L’Aquila: dalla manifestazione contro le macerie alla ricostruzione
La manifestazione del 28 febbraio passerà alla storia come la manifestazione delle "carriole", in qualche modo paragonabile allo sciopero alla rovescia fatto negli anni ’50 dai disoccupati di allora in Via Sallustio. In ogni caso la grande partecipazione della gente segna una svolta nello scenario politico cittadino. E’ entrato in scena una nuova soggettività.

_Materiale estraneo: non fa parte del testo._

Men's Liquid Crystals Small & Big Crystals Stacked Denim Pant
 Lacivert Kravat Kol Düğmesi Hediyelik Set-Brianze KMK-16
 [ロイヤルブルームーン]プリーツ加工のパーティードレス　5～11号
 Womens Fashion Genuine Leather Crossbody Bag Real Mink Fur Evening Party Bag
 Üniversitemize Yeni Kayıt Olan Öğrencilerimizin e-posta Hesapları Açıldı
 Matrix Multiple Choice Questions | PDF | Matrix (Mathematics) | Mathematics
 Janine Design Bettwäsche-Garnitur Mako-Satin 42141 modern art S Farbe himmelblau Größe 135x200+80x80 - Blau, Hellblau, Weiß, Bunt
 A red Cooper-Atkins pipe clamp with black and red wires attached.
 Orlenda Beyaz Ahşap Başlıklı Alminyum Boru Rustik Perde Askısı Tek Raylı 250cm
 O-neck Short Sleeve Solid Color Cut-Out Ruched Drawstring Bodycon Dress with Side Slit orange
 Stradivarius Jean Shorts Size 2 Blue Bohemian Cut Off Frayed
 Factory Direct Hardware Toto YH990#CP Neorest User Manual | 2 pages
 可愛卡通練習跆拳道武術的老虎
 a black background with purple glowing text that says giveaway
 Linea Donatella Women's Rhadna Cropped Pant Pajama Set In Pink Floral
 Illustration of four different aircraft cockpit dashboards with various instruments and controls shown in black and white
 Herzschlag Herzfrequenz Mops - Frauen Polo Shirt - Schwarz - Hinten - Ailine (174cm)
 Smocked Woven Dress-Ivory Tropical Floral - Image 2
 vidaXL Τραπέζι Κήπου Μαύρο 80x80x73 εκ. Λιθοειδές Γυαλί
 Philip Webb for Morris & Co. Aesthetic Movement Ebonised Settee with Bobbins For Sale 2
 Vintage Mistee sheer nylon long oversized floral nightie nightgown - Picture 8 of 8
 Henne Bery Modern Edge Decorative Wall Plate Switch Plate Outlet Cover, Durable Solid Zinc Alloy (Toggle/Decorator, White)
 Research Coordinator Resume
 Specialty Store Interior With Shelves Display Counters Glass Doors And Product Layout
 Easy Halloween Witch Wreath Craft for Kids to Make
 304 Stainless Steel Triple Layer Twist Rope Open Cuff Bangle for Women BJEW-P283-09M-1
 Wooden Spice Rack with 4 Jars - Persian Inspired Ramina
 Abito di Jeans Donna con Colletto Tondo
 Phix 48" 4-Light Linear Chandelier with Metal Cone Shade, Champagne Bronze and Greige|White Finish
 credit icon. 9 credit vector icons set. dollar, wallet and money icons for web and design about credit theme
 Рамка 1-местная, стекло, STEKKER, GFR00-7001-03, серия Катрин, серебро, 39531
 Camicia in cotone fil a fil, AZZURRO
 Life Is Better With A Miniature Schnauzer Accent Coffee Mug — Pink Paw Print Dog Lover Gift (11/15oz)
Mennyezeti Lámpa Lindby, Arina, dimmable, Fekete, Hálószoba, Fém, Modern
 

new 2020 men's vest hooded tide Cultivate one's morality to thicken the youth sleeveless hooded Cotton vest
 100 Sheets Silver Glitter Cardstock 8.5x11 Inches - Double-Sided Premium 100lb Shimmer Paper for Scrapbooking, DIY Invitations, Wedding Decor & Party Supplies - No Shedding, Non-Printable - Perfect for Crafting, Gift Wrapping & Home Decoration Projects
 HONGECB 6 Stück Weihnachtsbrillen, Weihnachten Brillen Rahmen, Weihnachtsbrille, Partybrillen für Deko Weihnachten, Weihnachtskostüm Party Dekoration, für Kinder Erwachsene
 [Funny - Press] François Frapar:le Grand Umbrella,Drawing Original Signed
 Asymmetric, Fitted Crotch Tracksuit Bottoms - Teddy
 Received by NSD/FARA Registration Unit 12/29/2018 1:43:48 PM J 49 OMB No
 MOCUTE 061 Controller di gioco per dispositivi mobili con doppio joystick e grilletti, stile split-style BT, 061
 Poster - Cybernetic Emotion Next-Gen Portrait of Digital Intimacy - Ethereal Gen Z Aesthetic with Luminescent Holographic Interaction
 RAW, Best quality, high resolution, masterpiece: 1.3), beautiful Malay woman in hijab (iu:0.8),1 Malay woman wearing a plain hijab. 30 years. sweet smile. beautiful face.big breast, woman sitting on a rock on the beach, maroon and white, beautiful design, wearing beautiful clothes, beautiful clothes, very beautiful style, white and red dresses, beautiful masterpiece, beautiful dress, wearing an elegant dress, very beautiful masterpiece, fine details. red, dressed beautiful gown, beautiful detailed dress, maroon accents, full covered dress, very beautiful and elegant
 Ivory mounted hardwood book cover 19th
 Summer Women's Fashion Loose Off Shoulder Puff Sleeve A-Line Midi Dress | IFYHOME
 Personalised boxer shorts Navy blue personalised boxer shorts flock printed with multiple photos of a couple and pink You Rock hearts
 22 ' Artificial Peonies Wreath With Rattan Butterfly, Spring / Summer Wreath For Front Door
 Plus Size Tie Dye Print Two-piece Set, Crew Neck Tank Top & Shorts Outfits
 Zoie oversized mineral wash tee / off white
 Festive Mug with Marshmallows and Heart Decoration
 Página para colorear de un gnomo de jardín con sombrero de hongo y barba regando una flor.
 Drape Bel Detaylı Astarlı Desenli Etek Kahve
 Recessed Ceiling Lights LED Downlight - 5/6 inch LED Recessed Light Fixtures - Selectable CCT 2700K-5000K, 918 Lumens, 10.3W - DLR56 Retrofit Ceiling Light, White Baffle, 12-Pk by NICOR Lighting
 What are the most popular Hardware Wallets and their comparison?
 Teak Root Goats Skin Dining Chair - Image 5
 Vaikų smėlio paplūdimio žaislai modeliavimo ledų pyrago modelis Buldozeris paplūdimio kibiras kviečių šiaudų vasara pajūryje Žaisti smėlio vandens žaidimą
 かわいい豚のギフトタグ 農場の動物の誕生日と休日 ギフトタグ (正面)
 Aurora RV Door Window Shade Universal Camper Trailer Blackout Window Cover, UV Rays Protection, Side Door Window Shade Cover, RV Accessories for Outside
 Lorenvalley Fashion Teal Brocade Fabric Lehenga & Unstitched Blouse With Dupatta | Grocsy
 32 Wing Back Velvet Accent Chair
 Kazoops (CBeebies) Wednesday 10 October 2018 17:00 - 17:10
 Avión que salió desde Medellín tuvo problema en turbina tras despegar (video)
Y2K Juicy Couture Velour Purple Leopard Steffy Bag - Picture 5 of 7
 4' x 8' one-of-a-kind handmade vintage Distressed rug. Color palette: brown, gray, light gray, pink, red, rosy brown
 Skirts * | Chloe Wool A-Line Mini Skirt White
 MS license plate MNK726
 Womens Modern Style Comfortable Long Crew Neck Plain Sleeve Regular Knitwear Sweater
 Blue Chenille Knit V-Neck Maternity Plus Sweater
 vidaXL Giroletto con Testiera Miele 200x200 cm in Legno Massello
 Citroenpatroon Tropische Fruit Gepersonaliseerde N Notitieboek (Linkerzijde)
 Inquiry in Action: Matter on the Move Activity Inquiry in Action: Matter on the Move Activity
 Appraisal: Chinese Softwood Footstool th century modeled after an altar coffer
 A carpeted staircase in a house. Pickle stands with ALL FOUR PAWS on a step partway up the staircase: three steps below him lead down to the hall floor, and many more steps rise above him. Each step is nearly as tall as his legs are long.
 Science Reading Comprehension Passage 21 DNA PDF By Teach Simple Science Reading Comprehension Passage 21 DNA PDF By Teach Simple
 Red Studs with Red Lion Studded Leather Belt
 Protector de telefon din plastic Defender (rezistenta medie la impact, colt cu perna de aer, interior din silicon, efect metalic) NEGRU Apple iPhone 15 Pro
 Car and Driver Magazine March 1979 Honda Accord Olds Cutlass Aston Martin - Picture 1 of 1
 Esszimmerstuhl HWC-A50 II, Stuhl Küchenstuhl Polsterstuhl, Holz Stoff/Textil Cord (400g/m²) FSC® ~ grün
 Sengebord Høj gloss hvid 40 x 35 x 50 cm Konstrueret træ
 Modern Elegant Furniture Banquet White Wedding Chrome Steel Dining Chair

Non è stato un disegno organico ma un insieme che ha attraversato un tempo lungo della vita di centinaia di uomini. Ed ognuno di noi oggi si rende conto di questo grande patrimonio. Durante i miei anni di vita ho attraversato la Città in lungo e largo, ed ogni tanto guardando in alto o in basso notavi particolari che prima non avevi mai visto; il fascino della Città è proprio questo: scoprire particolari di piccoli e grandi tesori artistici che l’uomo ha lasciato in quell’angolo. Bassorilievi, portali, cortili, fontane, piazze, pietre segnate con date o con nomi sono i segni del tempo trascorso. Quando in un angolo trovi un mascherone che poi, nel tempo, diventa il simbolo di qualche festa cittadina, mi sono sempre chiesto e mi chiedo se chi ha pensato di mettere quel mascherone in quell’angolo pensava che sarebbe diventato un simbolo per la popolazione della Città. Mi sono sempre chiesto qual è il limite tra fantasia e realtà nel costruire una Città. L’Italia è bella per la sua architettura poliedrica, che segna le differenze culturali di un popolo. Ricostruire una Città, sicuramente, è un grande impegno civile e culturale prima che ingegneristico. Abbiamo sotto gli occhi cosa significa “new town”: omologazione culturale, politica e sociale. Non vorrei che il centro storico diventi la fotocopia delle “new town”. Una Città noiosa ed omologata a progetti culturali ed architettonici calati dall’alto.